Pietre d’inciampo, un furto dettato dall’odio

Il caso Venti sanpietrini in ottone che l'artista tedesco Gunther Demnig aveva installato in via Madonna dei Monti 82 a Roma, in memoria delle famiglie deportate, sono stati rubati nella notte. Aperta un'inchiesta

Pubblicato quasi 6 anni faEdizione del 11 dicembre 2018

Quando l’artista tedesco Gunter Demnig cominciò a seminare le sue memorie in forma di Stolpersteine (pietre d’inciampo), sanpietrini che fungevano da targhe-ricordo delle famiglie deportate, incastonati in marciapiedi e strade davanti ai portoni di chi fu strappato alla vita dal nazifascismo, di certo non poteva immaginare che un giorno sarebbero divenuti il bersaglio per esercitare l’odio, finendo per essere sbalzati via dal tessuto urbano, lasciando un buco, un vuoto politico e, soprattutto, umano.

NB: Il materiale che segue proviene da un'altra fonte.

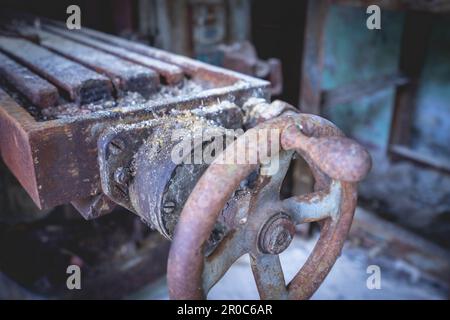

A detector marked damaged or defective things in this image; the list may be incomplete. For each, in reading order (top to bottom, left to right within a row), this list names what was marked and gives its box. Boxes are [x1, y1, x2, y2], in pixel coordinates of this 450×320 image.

rusty machine [0, 15, 370, 300]
rusty handwheel [167, 111, 370, 298]
corroded metal surface [167, 110, 370, 300]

Demnig di quei sanpietrini che fanno da argine all’oblio facile dei nostri tempi ne ha «piantati» in tutta Europa più di cinquantamila, i primi a Colonia nel 1992. Da allora, non ha mai smesso. Ritualmente, ogni anno, compie la sua celebrazione della resistenza, lucidando l’ottone della targa, segnando la data di nascita e di morte di abitanti del luogo (ebrei, rom, sinti, antifascisti, omosessuali) dall’esistenza interrotta violentemente. Rende omaggio a tutti coloro che uscirono dalla loro casa senza farvi ritorno. Ma ora venti di quelle pietre d’inciampo – in via Madonna dei Monti 82 a Roma, tributo alle famiglie Di Castro e Consiglio – sono state divelte e rubate nella scorsa notte. Portate via, a sfregio delle vittime della Shoah. Con loro è volata via anche la memoria di una bambinetta, Giuliana Colomba Di Castro, che fu trascinata lontana dai genitori, verso la morte, quando aveva solo 3 anni. Abitava al numero civico 8.

 

La denuncia è arrivata dall’Associazione Arte in Memoria che dal 2010 si occupa dell’installazione delle pietre a Roma. E mentre la procura ha aperto un fascicolo per odio razziale e si è tenuto un presidio, giunge durissima la condanna del gesto da parte di Adachiara Zevi, che dirige l’Associazione. «È un atto criminale, antisemita. La nostra democrazia è a rischio».